The next year, Jerusalem was conquered by the “wild Turcomans” and three thousand citizens slaughtered.  By “wild Turcomans”, Addison is referring to the Seljuk Turks whose impressive empire extended from India to the walls of Constantinople – an achievement only matched by Alexander the Great.

But when Addison wrote, the Turks were still demonised in European history books as alien, blood thirsty invaders.  Not that I’m sure they didn’t have their moments – but the Seljuks get a slightly better write up these days.

Addison recounts one story that might be true – or could be crusader propaganda: “The patriarch of the Holy City was dragged by the hair of his head over the sacred pavement of the church of the Resurrection and cast in to a dungeon”.  Pilgrims were massacred or robbed and access to the Holy Sepulchre now came at an extortionate fee.
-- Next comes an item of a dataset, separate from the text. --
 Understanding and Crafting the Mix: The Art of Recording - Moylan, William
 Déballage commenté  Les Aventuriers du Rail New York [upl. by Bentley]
From the First Crusade to the Knights Templar

Needless to say the violence of the “wild Turcomans” sparked off the First Crusade.  The events that prompted nine crusader knights to form the Order of the Temple was the continued harassing of pilgrims by Bedouin horseman, Addison claims.  Pilgrims, whether coming by land or sea, had to put up with “daily hostility” and even death – he says.

So in 1118 – because of the breakdown of tolerance instituted by Caliph Omar and the wickedness of the “wild Turcomans”, our friends the Templars came in to being.